UK temporary permissions regime to allow EEA financial services firms and non-UK CCPs to operate in the UK post-Brexit

Posted in Banking and finance Financial institutions Financial services

Under the proposed UK temporary permissions and recognition regimes, eligible firms providing cross-border financial and market services into the UK will not need to obtain permanent authorisation or recognition by the Bank of England until the end of the implementation period which has been agreed in principle as part of the UK’s Withdrawal Agreement with the EU.

HM Treasury and the Bank of England yesterday provided further detail on the plans announced in December 2017 to allow European Economic Area (EEA) firms and non-UK central counterparties (CCPs) to continue operating in the UK for a limited period after withdrawal under a new temporary permissions and recognition scheme, while they seek authorisation or recognition from UK regulators.

The UK Government has proposed a draft statutory instrument (SI) that will, subject to parliamentary approval, introduce a temporary permissions regime for EEA firms that currently provide financial services in the UK under an EU “passporting” regime. The Government has also laid before Parliament a separate draft SI that will, subject to parliamentary approval, establish a temporary recognition regime for non-UK central counterparties (CCPs) in respect of clearing activities.

In order to be eligible for the temporary permissions and recognition regimes, the following requirements must be met:

  • EEA firms must be already authorised to carry on a regulated activity in the UK under the EU passporting regime and inform the relevant regulator before exit day of their intention to enter into the regime
  • Non-UK CCPs must be already permitted to offer clearing services in the EU and inform the Bank of England before exit day of their intention to provide clearing services in the UK.

Eligible firms will be subject to the same obligations and supervisory framework as if they were authorised by the Prudential Regulation Authority (PRA) or Financial Conduct Authority (FCA) under Part 4A of the Financial Services and Markets Act 2000. Firms and CCPs that are authorised under the temporary permissions and recognition regimes may benefit from the following:

  • Firms will have permission to provide services in the UK or continue to operate through a branch for up to three years, which can be extended by HM Treasury in increments of twelve months
  • CCPs will be deemed to be recognised to provide clearing services in the UK for up to three years, which also can be extended by HM Treasury in increments of twelve months
  • Financial Services Compensation Scheme (FSCS) membership will be extended to all deposit-takers and insurers in the regime with a branch in the UK.
  • EEA insurers that passport their services in the UK without a branch will also retain their existing FSCS membership.

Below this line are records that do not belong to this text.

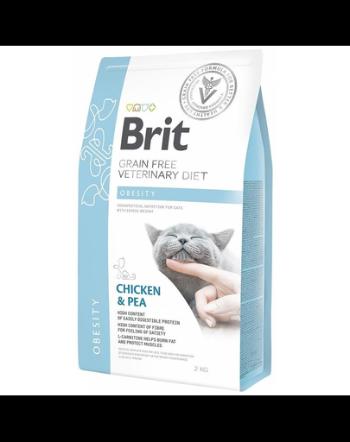 BRIT Veterinary Diets Cat Obesity Dieta veterinara pentru pisici adulte supraponderale, cu pui si mazare 2 kg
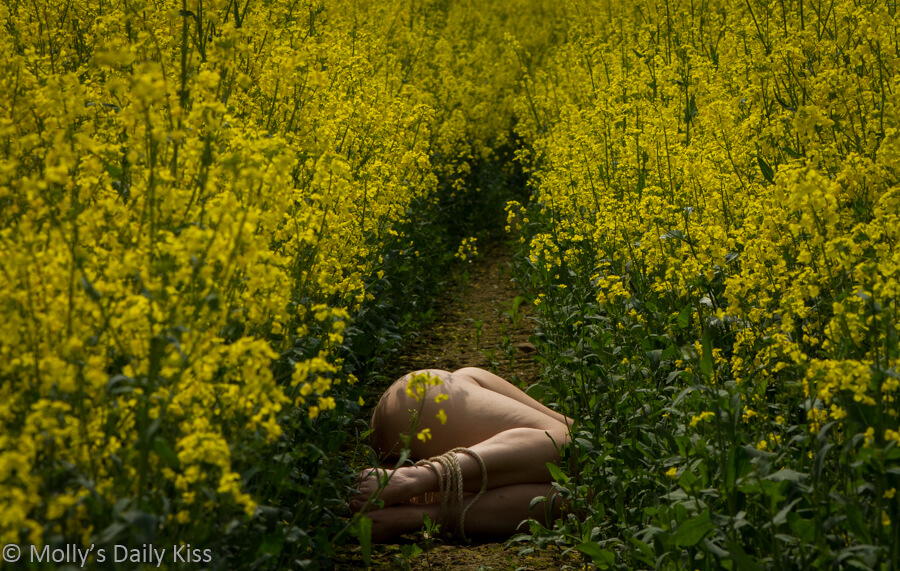 Laying naked with tied ankles in rape field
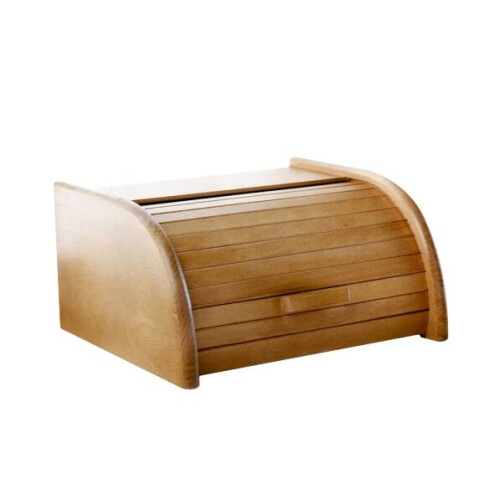 Wooden Bread Bin with Roll Top or Drop Down Door Box for Storage Loaf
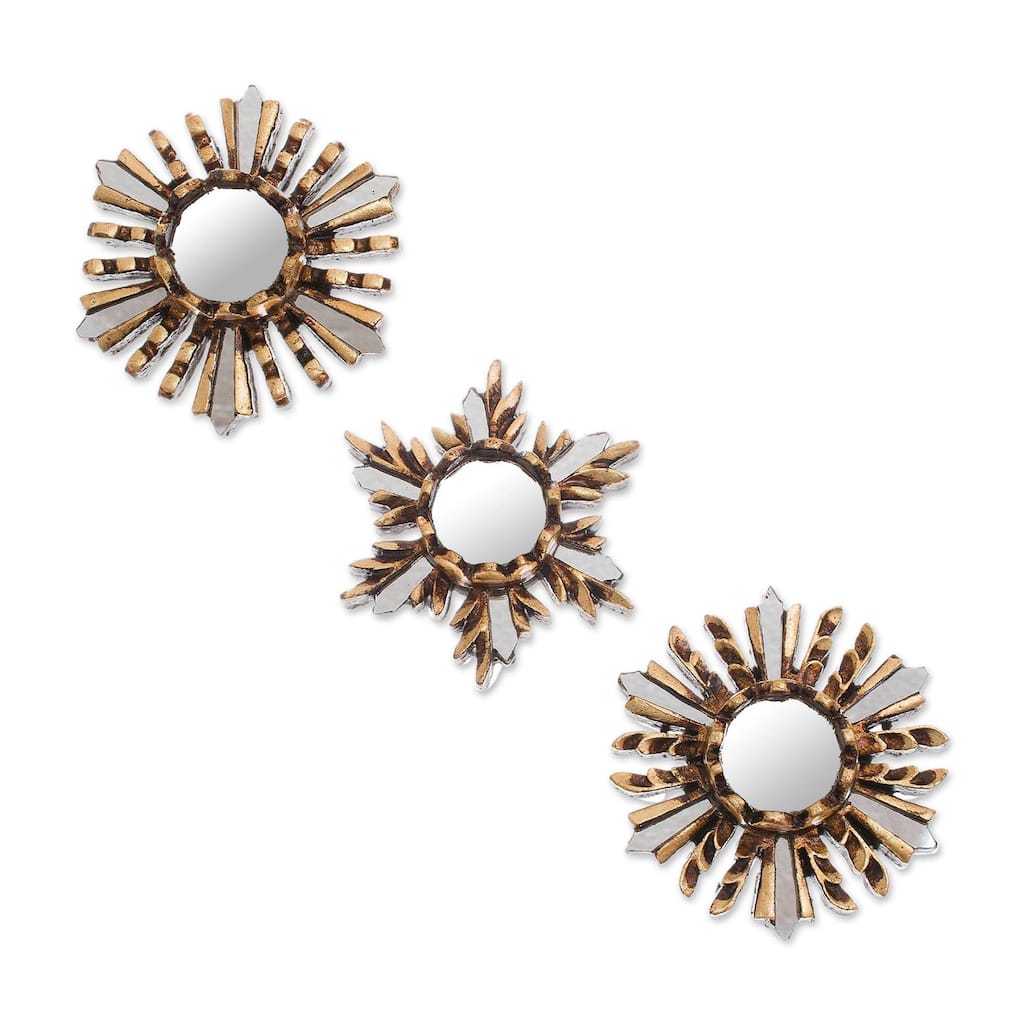 Handmade Golden Snowflakes Bronze Wall Mirrors (Set Of 3) Peru - 3.9" H x 3.9" W x 1" D
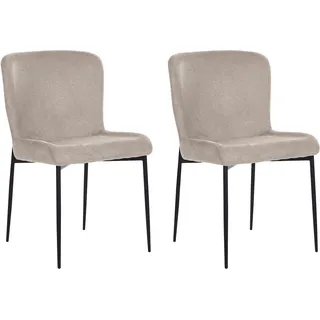 Beliani Esszimmerstuhl ADA taupe 2er Set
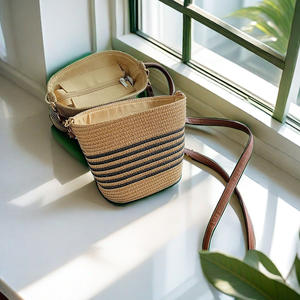 Bolso de Playa de Paja Tejida para Mujer, Estilo Retro Cruzado, para Vacaciones de Verano al Aire Libre y Viajes a la Playa, Novedad 2026 - Product Image 5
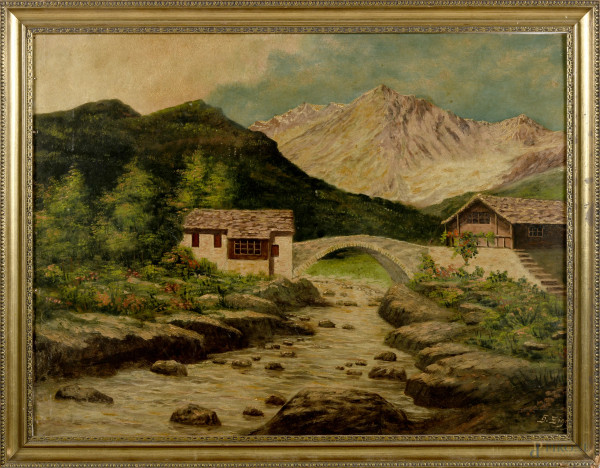Paesaggio montano con ruscello, XX secolo, olio su faesite, cm 60x80, firmato in basso a destra, entro cornice, (supporto imbarcato, difetti)
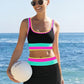 🌞🏖️ Színblokkal Díszített Nylon Sportos 3 Részes Bikini Szett – Magas Derekú és Hasformáló Fürdőruha 🩱🌊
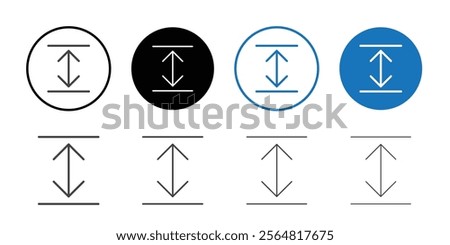 Expand height icon Thin outline art symbol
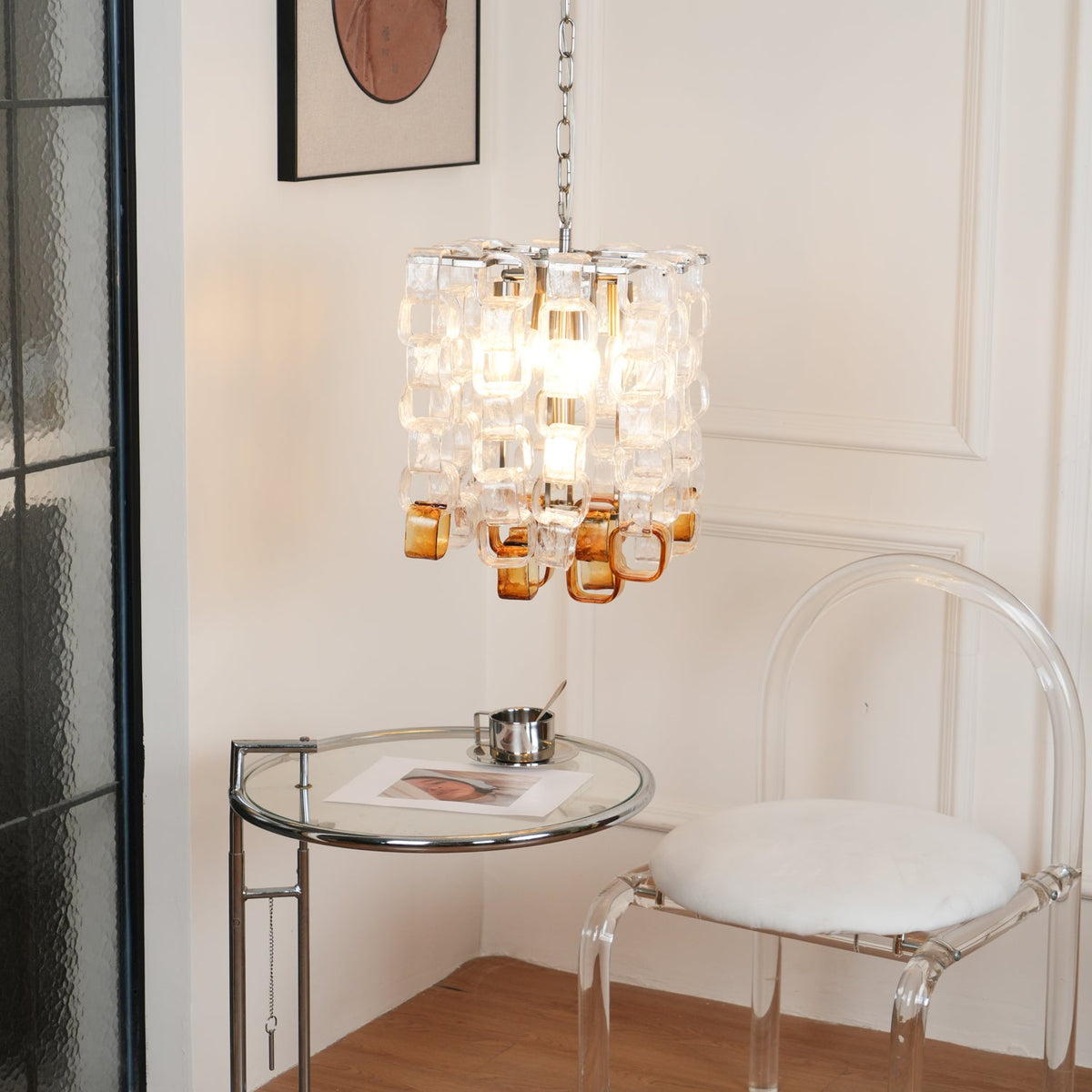 Glass Poliarte Interlocking Chandelier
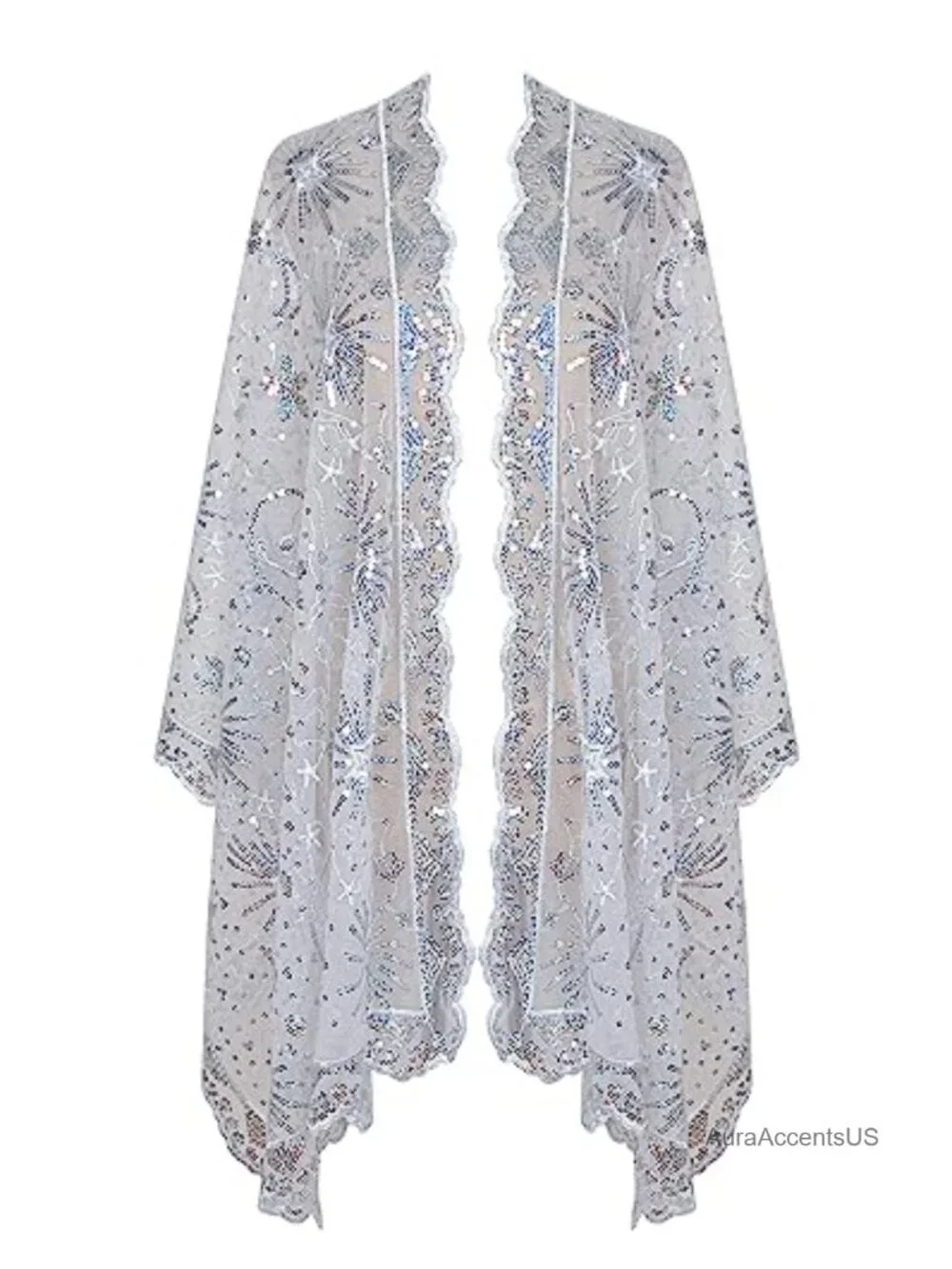 1920s Sequin Fringed Shawl Wrap Lace Evening Scarf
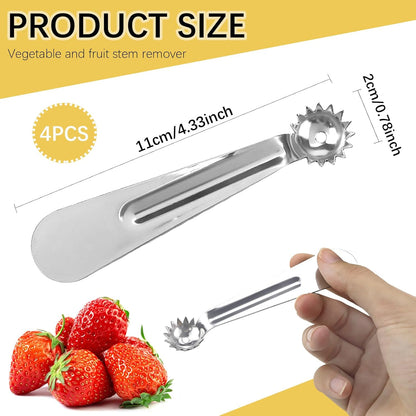 4 Pcs Tomato Corer Tool Strawberry Corer Tool Stainless Steel Strawberry Huller Tool Fruit Vegetable Baller Practical Kitchen Tool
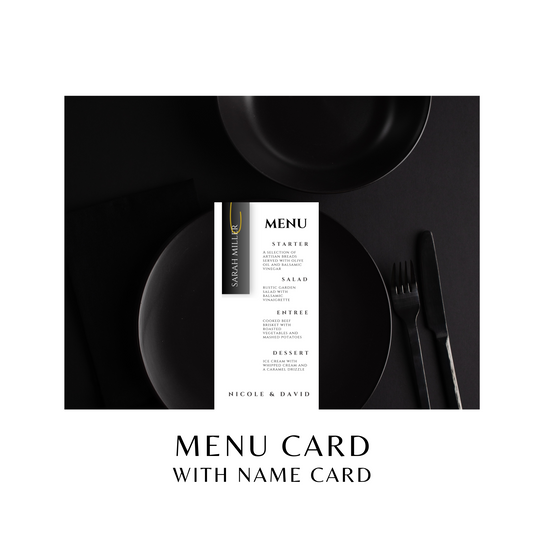 Classic and Bold Wedding Menu with Name Cards Canva Template | Modern Black & White Minimal Menu Card | Tall 4x8 Card | INSTANT Download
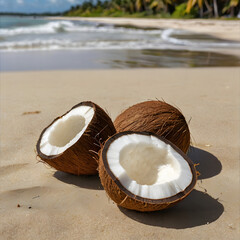 Three halves of a coconut placed on a beautiful beach with waves in the background.
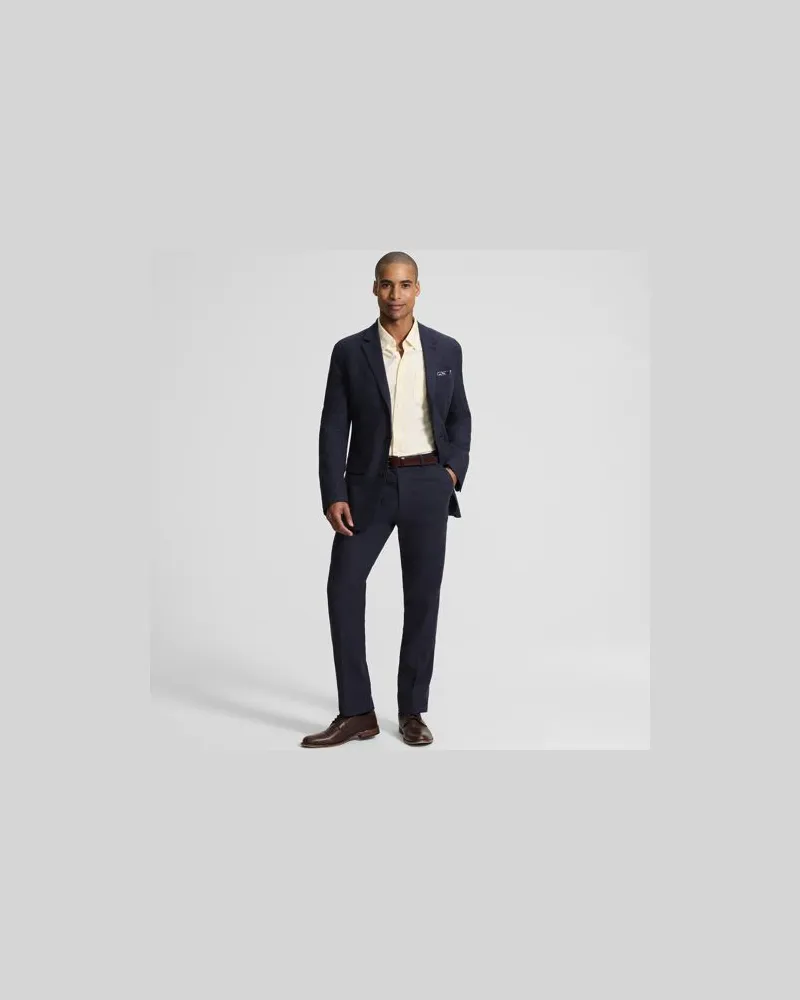 Lands' End Classic Fit Business-Hose aus Leinenmix, Herren, Größe regular, Blau, Leinen/Baumwoll-Mischung/Viskose-Mischung, by Blau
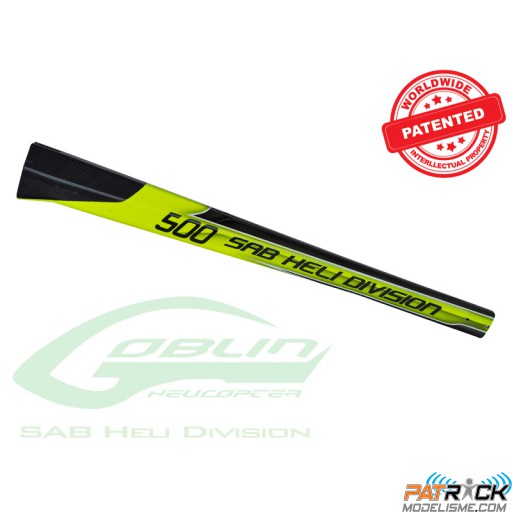 Tube de queue carbone jaune et noir - Goblin 500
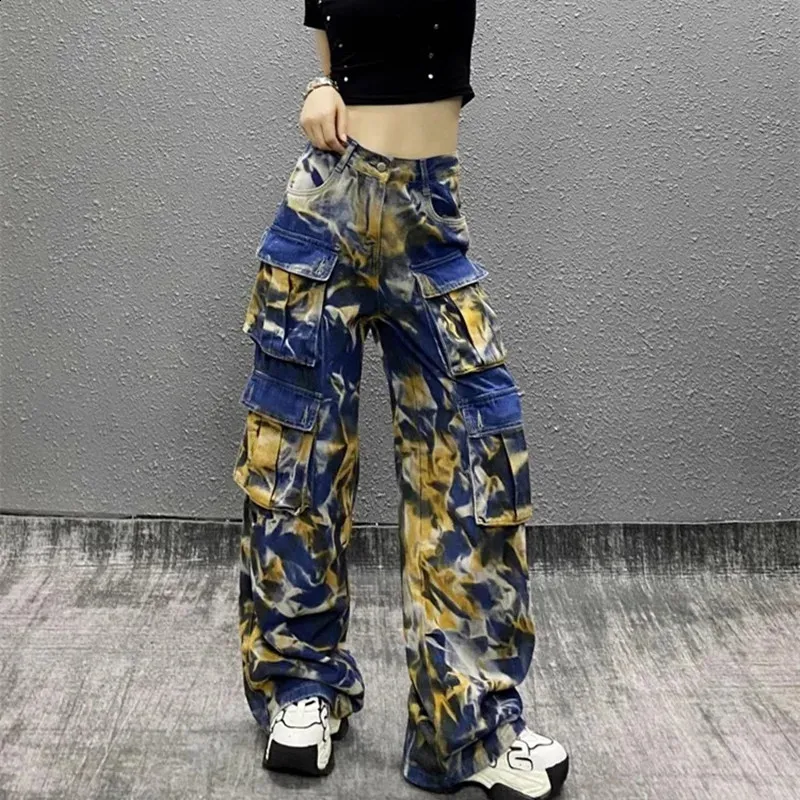 Y2K Streetwear Tie Dye Cargo Pants: Multi-Pocket Baggy Jeans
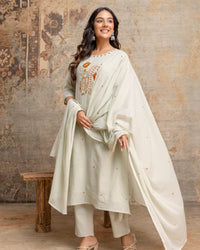 Pista Green & Creamy Ivory White Embroidred Three Piece Kurti Set Thumbnail 2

The Bank of England will publish further guidance on the temporary permissions and recognition regime once the SIs have been approved by Parliament, including the notification process for entry. While the Government intends the temporary measures to cover the duration of the implementation period which has been agreed in principle as part of the UK’s Withdrawal Agreement with the EU, the SIs should take effect even if the Withdrawal Agreement is not signed. However, the SIs will be enacted under the European Union (Withdrawal) Act 2018, which means they may still change if the Withdrawal Act itself is further amended by Parliament.